Each Thursday, Kayse Pratt and I are reading through Unglued. This week we are on Chapter Four Unglued: What Kind of Unglued am I?
Jamie’s Thoughts
I should tell you something… I’ve had many opportunities to come unglued since we’ve started reading this book together. What I sense is that God has given me a whole lot of grace, mercy, and compassion throughout this study to make progress, even though we haven’t gotten to the meat of the book yet. I’m extremely thankful for imperfect progress.
“These are things I’m identifying about myself so I can bring my raw emotions and unglued reactions under the healing authority of Jesus.”
Amen for the healing authority of Jesus. I know I’m not the only one.
With that in mind, there are two ways we come unglued. You either 1) explode or force your emotions outward on another or 2) stuff everything you are feeling deep down inside and keep it all for yourself with the guise of being fine. Depending on how you process conflicts, internally or externally, and then how you address an issue with others, internally or externally, you may fall into one of four categories.
The four categories of unglued reactions are:
- Exploders who shame themselves
- Exploders who blame others
- Stuffers who build barriers
- Stuffers who collect retaliation rocks
The interesting thing is that all of us may come unglued in any of these four ways depending on the person and situation at hand. It really depends on how safe we feel around someone else as to how we react to conflict with him or her.
But what I really love is that Lysa is teaching us to have soul integrity by identifying how we’ve reacted. From this girl who likes to generally duck and cover, hide in her closet and cry, or lose friends rather than confront issues, the past year I’ve experienced the blessing of pursuing soul integrity. For goodness sakes, this quiet girl got up and spoke at a women’s retreat on removing our masks of insecurities. And aren’t many masks just fancy ways of covering over and stuffing? {There was a reason God needed me to explore masks – I’m good at wearing them, and I’m trying to learn not to stuff.}
“Soul integrity is the heart of what we’re after. Soul integrity is honesty that’s godly. It brings the passion of the exploder and the peacemaking of the stuffer under the authority of Jesus where honesty and godliness embrace and balance each other.”

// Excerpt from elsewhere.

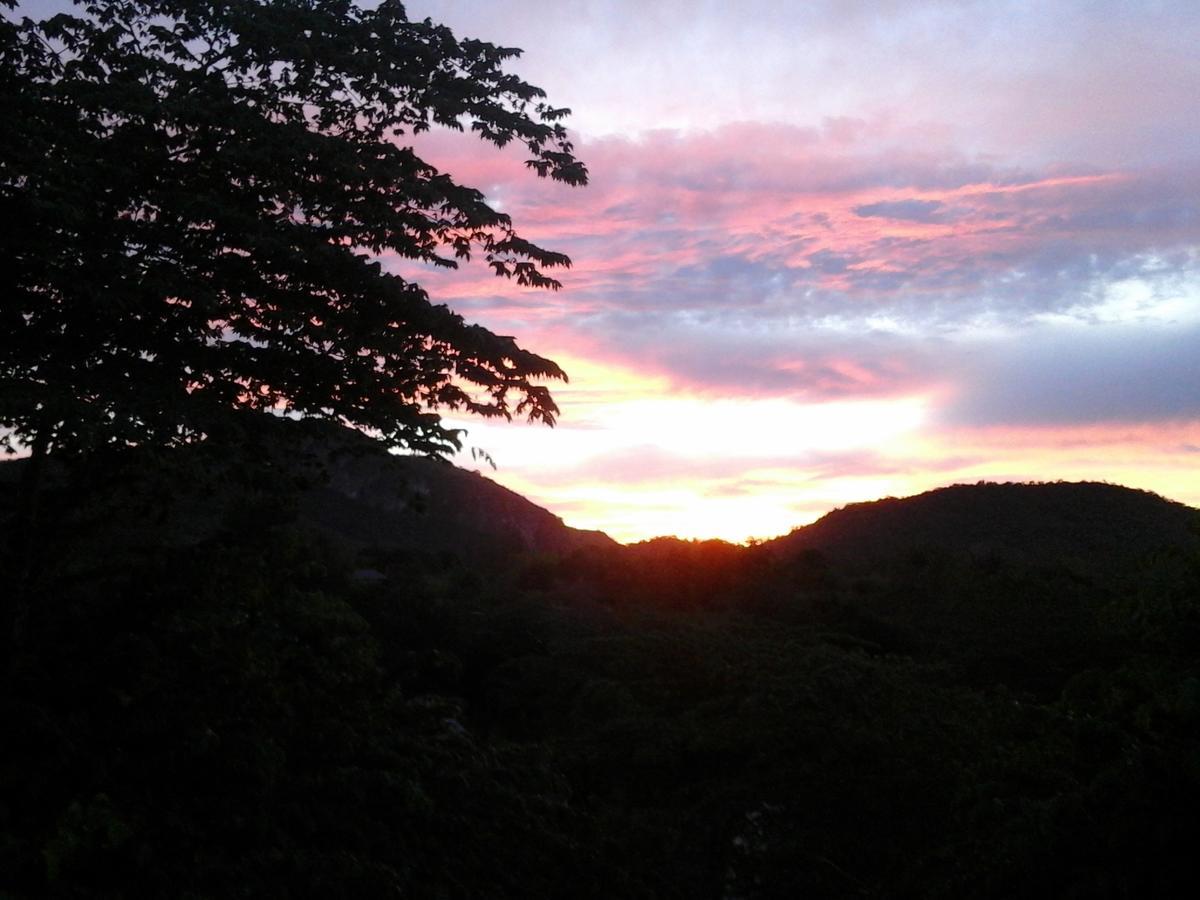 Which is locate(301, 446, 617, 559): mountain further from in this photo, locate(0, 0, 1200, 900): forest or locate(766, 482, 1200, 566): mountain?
locate(0, 0, 1200, 900): forest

Do you love the way Lysa puts words together as much as I do? Maybe you have a tendency to be more “honest” (use words as daggers instead of wielding them like the sword of the Spirit) or maybe you are the “peacemaker” type (more like peacefaker, right?). Soul integrity is where these gritty variables balance. Honesty is meant to be measured with godliness, and godliness is meant to be measured with honesty. When we don’t measure them together, we dose out plastic or fake versions of the real thing. Sometimes “keeping it real” is really just an opportunity to share your opinion without any care or thought of God. Sometimes peacemaking is just a “plastic version of godliness.”
My husband will avidly shake his head when I say this, but I need to remember this:
“Saying “I’m fine” to keep the peace, when we’re really not fine, isn’t honest. It may seem godly in the moment, but it’s false godliness. Truth and godliness always walk hand in hand. The minute we divorce one from the other, we stray from soul integrity and give a foothold to the instability that inevitably leads to coming unglued.”
Lysa takes us back to the book of James for so much of how we deal with our tongue and our emotions. I’m glad to be on this journey. I need it – how about you?
Kayse’s Thoughts
Hmmm… so much good stuff in this week’s chapter. Let’s start with a quote from the very first page. When distinguishing the difference between Labeling and Identifying our issues, Lysa says,
Labeling says, “I am the sum total of my difficult issues.” … Identifying, on the other hand, says, “My issues are part of the equation, but not the sum total.”
Thank God for identifying, right?
This week, I’ve had a few difficult issues come up. Really, one main one. One that I thought I dealt with and buried a long time ago, but it sneakily returned this week. It deeply affected the way I saw myself, and although I am typically a pretty confident person (what you see is what you get), my insecurities all rose to the surface and bubbled out in way too many tears.
I’m dealing with these issues, but reading Lysa’s words again just makes me oh so grateful that I am not defined by my issues alone. That was lesson #1 for me this week.
Lesson #2: I am often a deflector. Hang on a minute while I hang my head in shame. Ick. But it’s true. You know what I do the most of? Condemning myself and then deflecting the blame onto others, all inside my own head. Yup, I’m crazy. Also, I’m a stuffer, letting myself too often wallow in the hurt. My goodness, I need this book! How about you?
I love how she talked about being all 4 types of unglued in different situations. I pretty much agreed with all of her confessions – I’m an exploder who shames herself with strangers, an exploder who blames others with close family, a stuffer who builds barriers with friends and extended family, and a stuffer who collects retaliation rocks with my unsuspecting hubby.
But the goal? Soul Integrity. I cannot explain how much I love this idea. Honesty that’s godly. No more false godliness in the name of “peacekeeping”. No more unnecessary words in the name of “honesty”. But a good balance of the two that is both honest and godly. That’s the goal.
This chapter was a lot of info, info that can be either very condemning or very convicting. Let’s go the conviction route, shall we?
Condemnation defeats us. Conviction unlocks the greatest potential for change.
Change. We must change as we keep the goal of Soul Integrity in mind. Unless, of course, you’ve already perfected the idea. In that case, I want to hear from you in the comments with your best tips and tricks. For the rest of us, let’s let conviction point us in the right direction. What are we going to try to change this week?
Action Steps
- Identify what person or people you usually respond with each of the four different reaction types.
- Review Chapter 4 and the verses in James.
- Read Chapter 5
- Ask God for His continuing grace in imperfect progress – that you may measure with truth and godliness and with His help maintain soul integrity.
Questions for Reflection:
- Does it give you a sense of freedom to differentiate between labeling and identifying?
- How do the unglued categories play out in your life?
- How will you let conviction propel you toward change this week?